Realistically downbeat ending and killer credit sequence aside, this undernourished sequel scores strongest whenever it stays close to the deliciously diabolical Million rather than the hard to fathom supposed heroine. For a girl this allegedly pure and naive, she sure has no qualms about instantly getting down with whoever crosses her path. Margot's given a welcome opportunity to flesh out the fascinating character that won her a slew of prizes the first time and she seizes it, inevitably to the detriment of the late Jon Dough's Mr Morgan character, who dominated the first film but is now relegated to playing second fiddle in a couple of disembodied scenes and a whole lot of flashbacks. Unfortunately, Thomas proves far less convincing here as well now that she has to carry the bulk of the film. She's just not good enough an actress to pull it off. Sexually she shines though as her Sapphic trysts with both Million and the amazing Debi Diamond, not to mention a lovingly captured rectal encounter with then-husband Zack Thomas, are seriously scorching.

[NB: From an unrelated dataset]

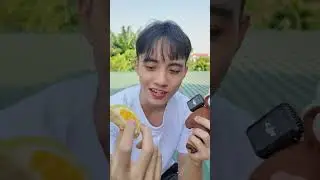 Lần đầu ăn thử quả sầu riêng độc lạ #foodtiktok #foodreview #haicareview
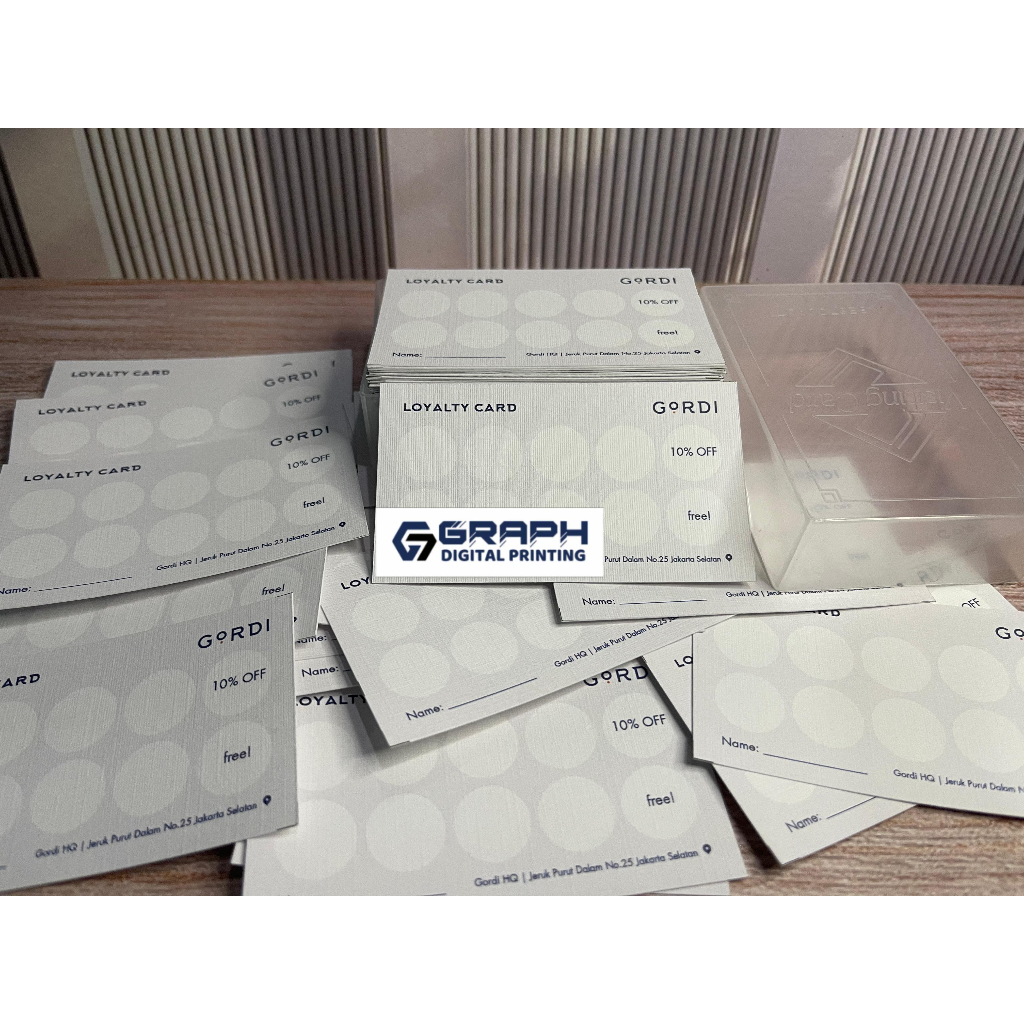 

Loyalty Card / Member Card / Poin Card / Stamp Card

This wouldn't be a bad flick if it didn't feel like such a cheat. Like some money-grabbing editor decided to release the final chapter of a good back as a separate novel, with lots of references to and quotations from the page-turner in question to beef up the page count. Such practices are entirely worthy of a talented adult filmmaker like Michael Ninn, even if they occur at the urging of VCA who wanted him to strike the iron while it was still hot, expanding on a feature he believed already complete. Ninn's lack of emotional commitment to the endeavor even makes it slip into self-parody at times, especially with Simon Delo's ominous voice-over spouting ever more absurd philosophies at every turn. On the upside, the camera work's as great as ever, garnering this very fitfully effective follow-up its single prize at the 1995 AVN Awards.